◆ About this task ◆
Print the line containing "Breast Cancer Awareness" and all lines after it, unchanged, through the end of the data. Leave the pictures out.

◆ Data for this task ◆
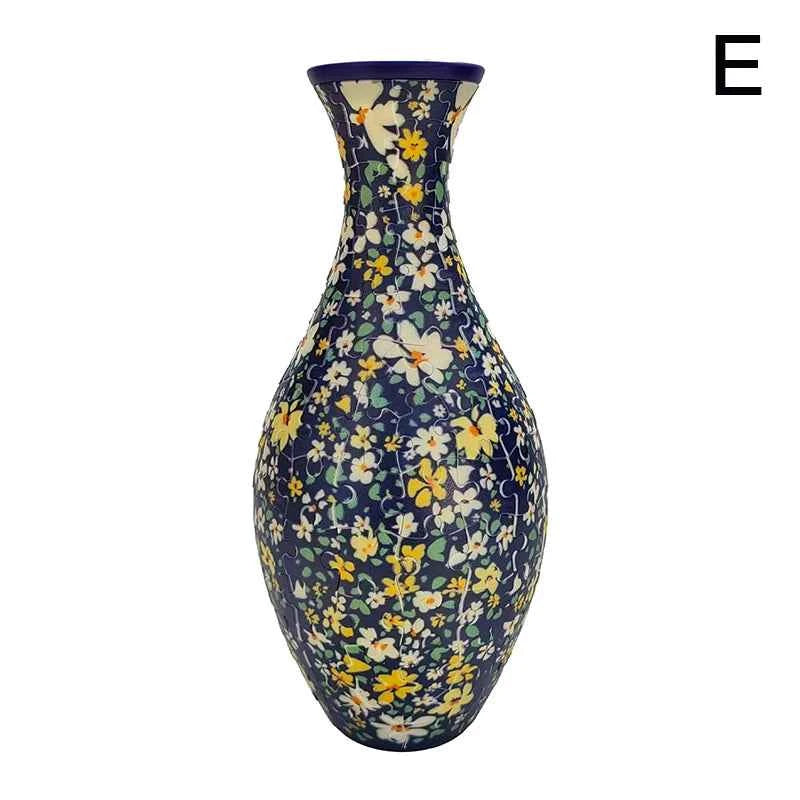 3D Puzzle Vase Flower Porcelain Design DIY Assembly Educational Toy Home Decoration House Arrangement Warming Christmas Gift Toy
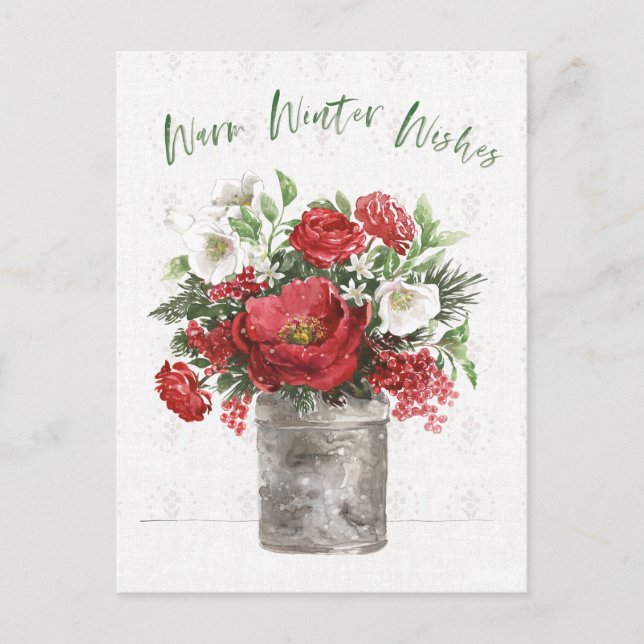 Warme Winterwünsche Feiertagspostkarte (Vorderseite)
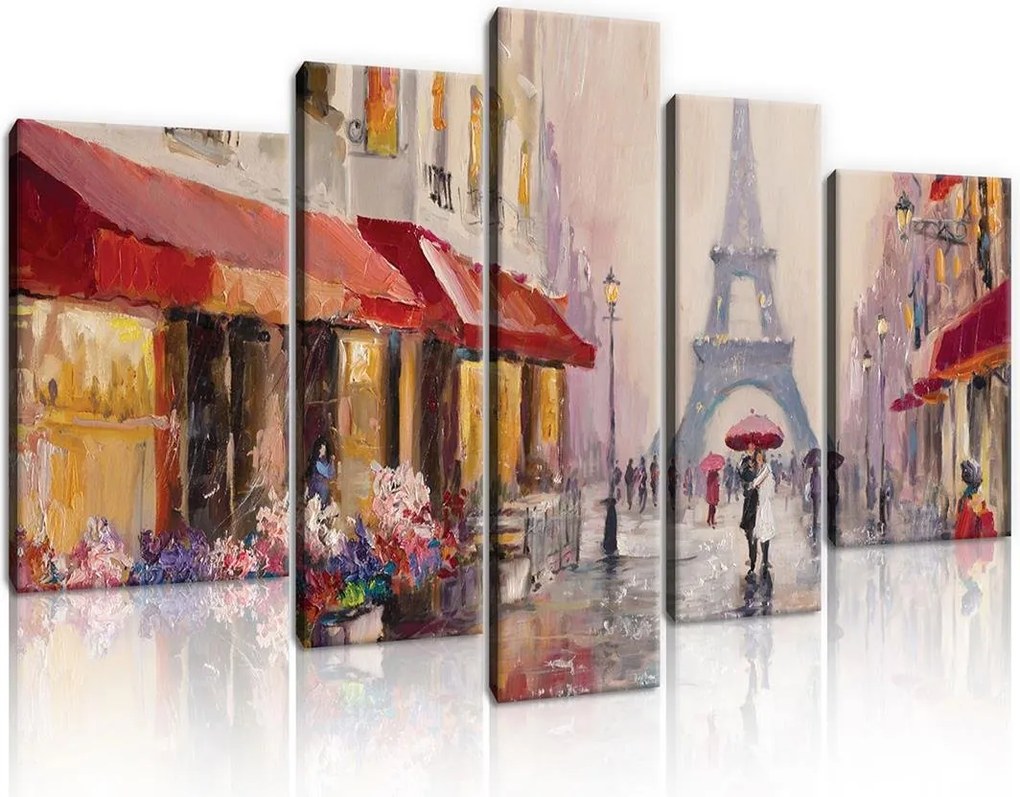 Vászonkép, mint egy festett város falikép 170x100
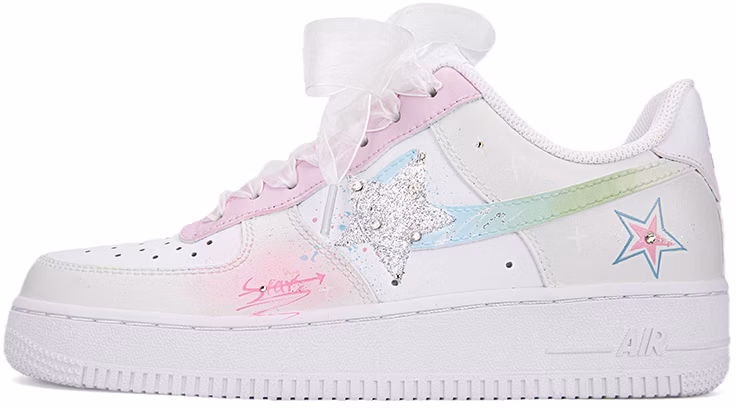 custom-shoes-women-nike-air-force-1-low-graffiti-star-gradient-white-pink-green
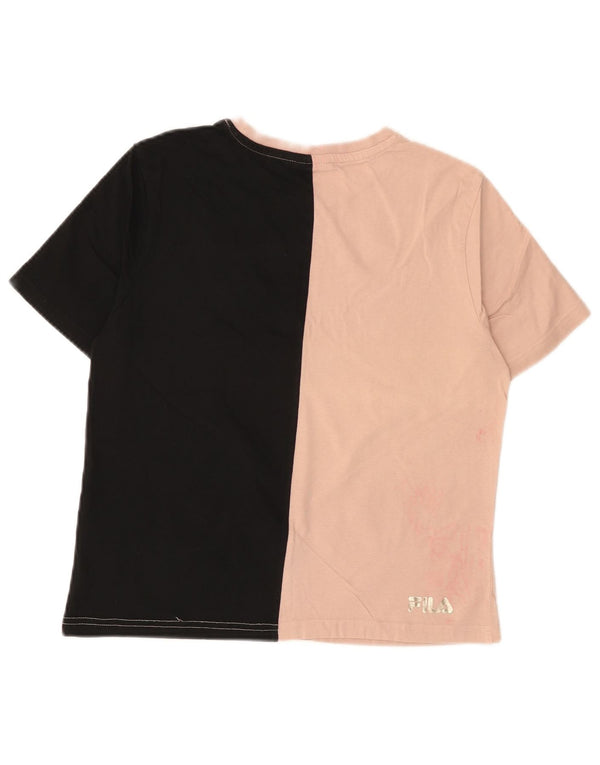 FILA Womens Graphic T-Shirt Top UK 10 Small Pink Colourblock Cotton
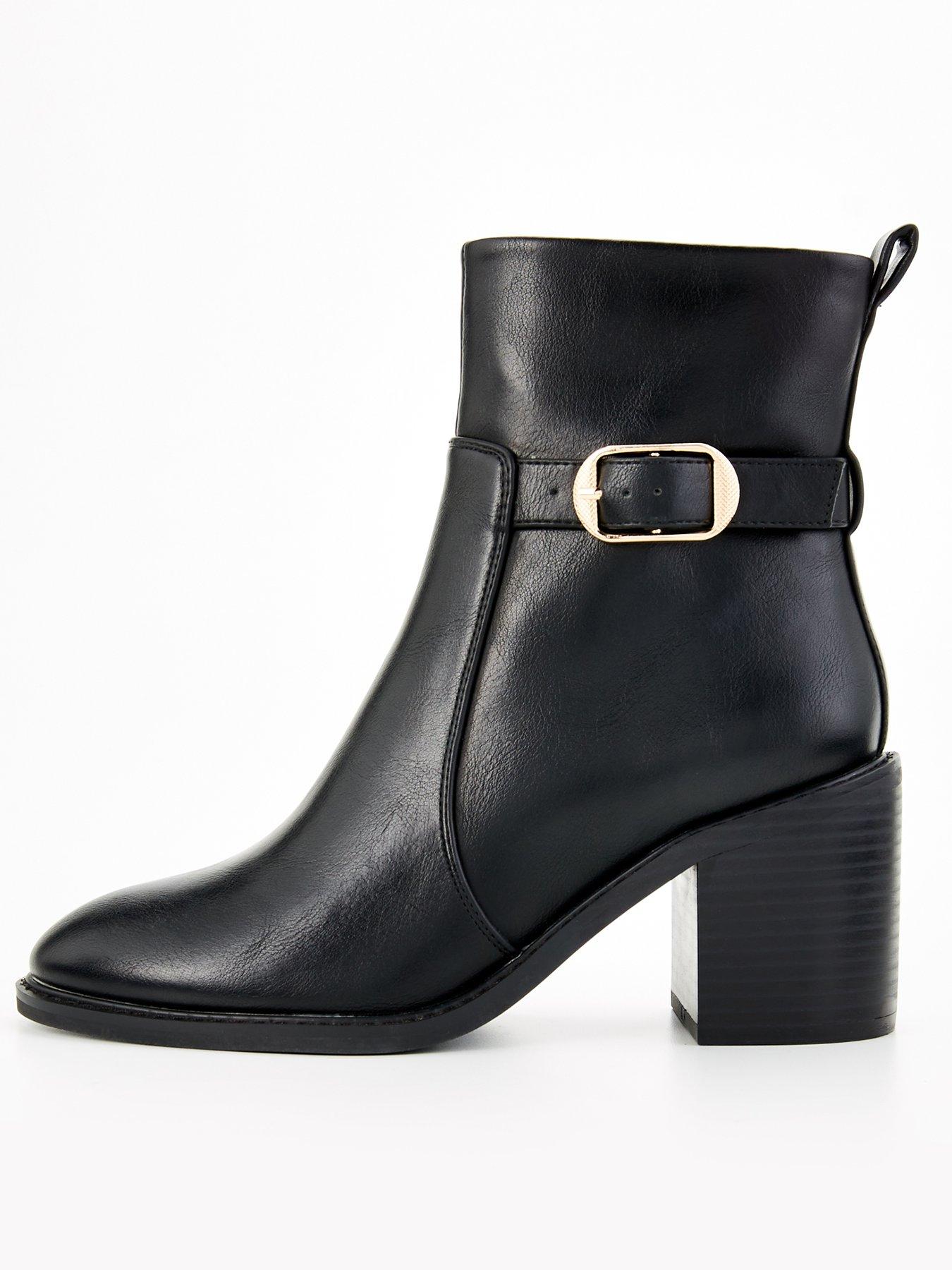 V By Very Ankle Strap With Buckle Block Heel Ankle Boot - Black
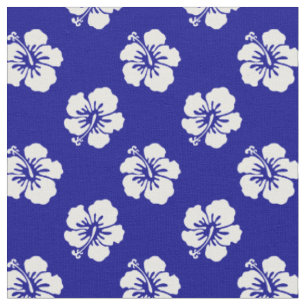 Tissu Motif Hawaïen Hibiscus Bleu et blanc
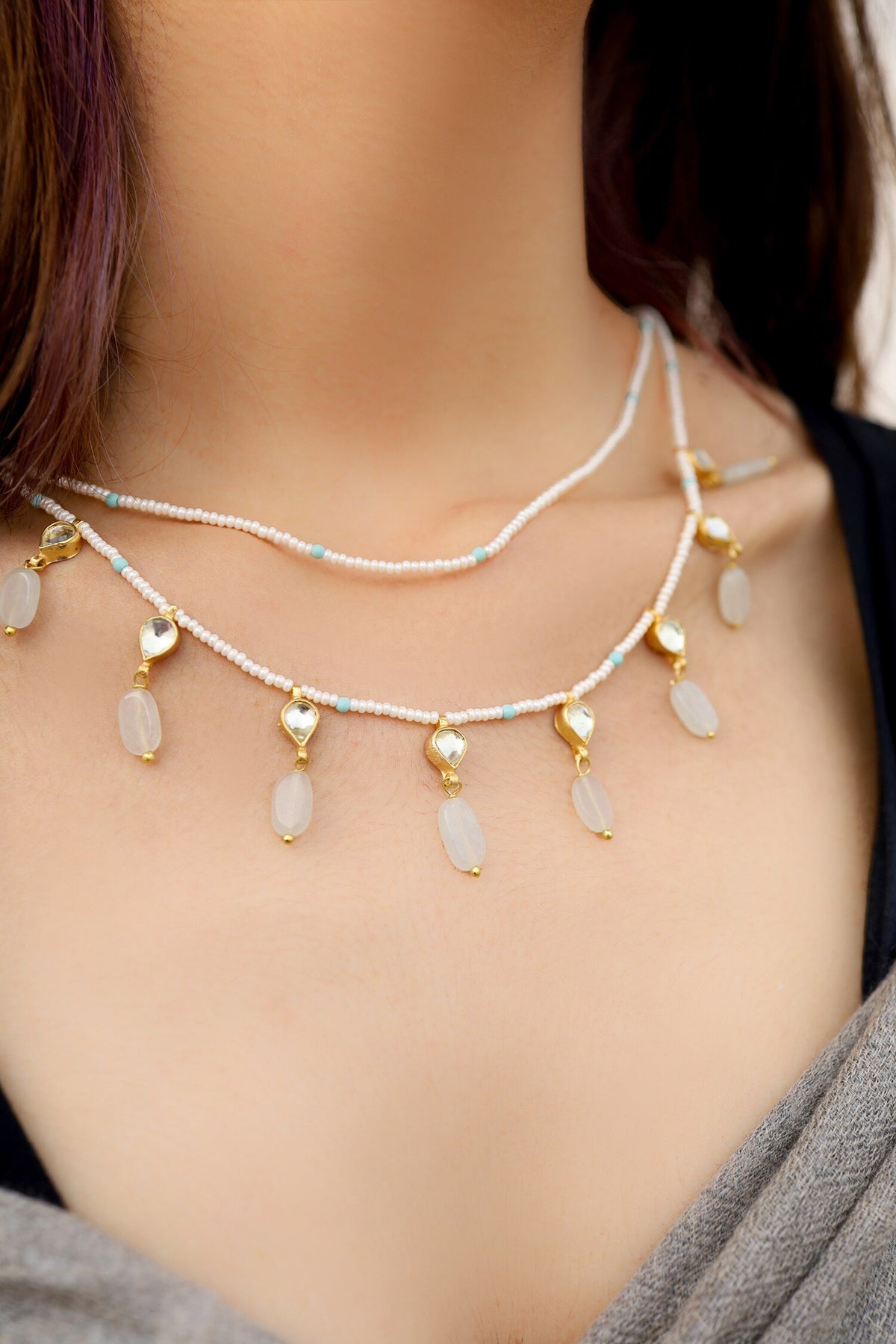 Kundan Stone Drop Necklace 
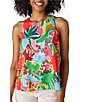 CROSBY by Mollie Burch Wynne Tropical Printed Crew Neck Racerback Tank, Color:Tropicana - Image 4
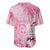 Breast Cancer Awareness Month Baseball Jersey Butterfly Polynesia Watercolor Pink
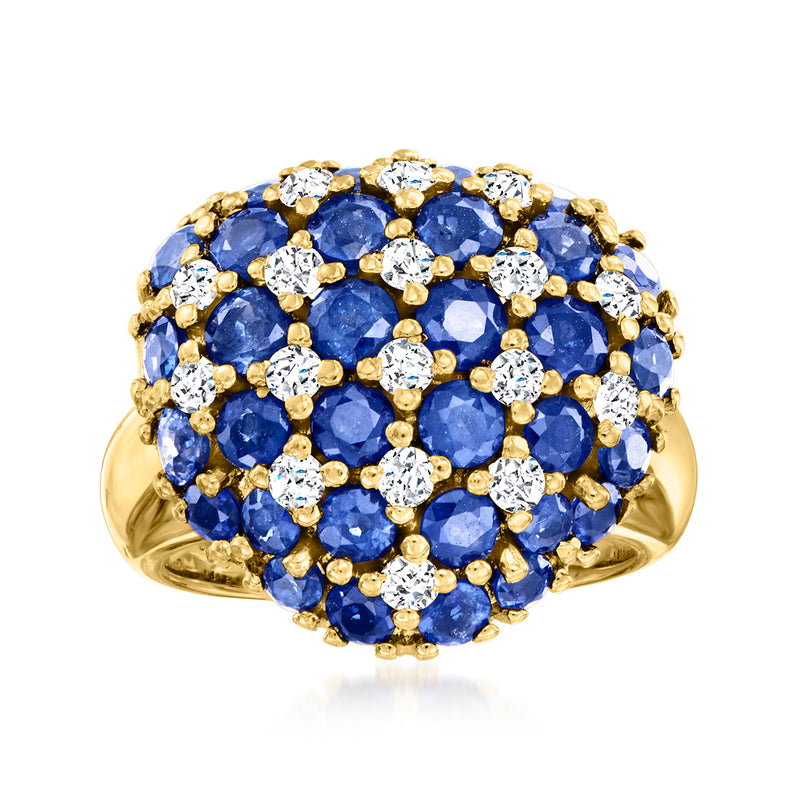 18k yellow gold dome heart ring with blue sapphire clusters and white diamond accents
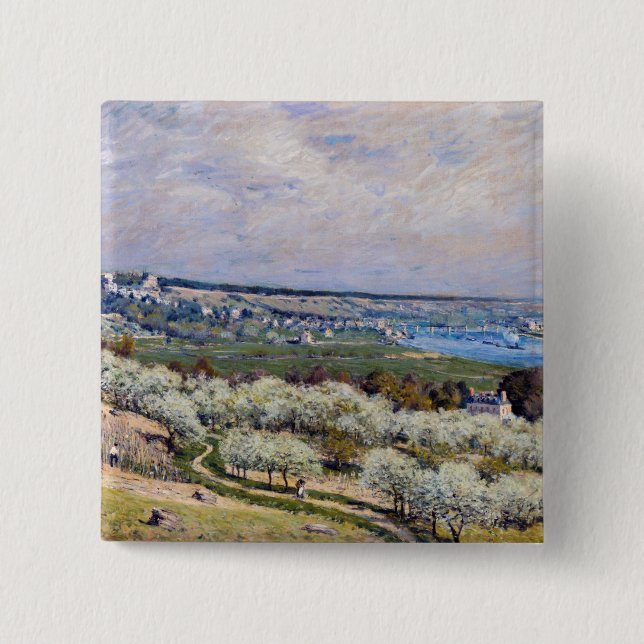 Alfred Sisley - Terrace at Saint-Germain, Spring 15 Cm Square Badge (Front)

◆ Task result ◆
 Breast Cancer Awareness Month Baseball Jersey Butterfly Polynesia Watercolor Pink
 18k yellow gold dome heart ring with blue sapphire clusters and white diamond accents
 Alfred Sisley - Terrace at Saint-Germain, Spring 15 Cm Square Badge (Front)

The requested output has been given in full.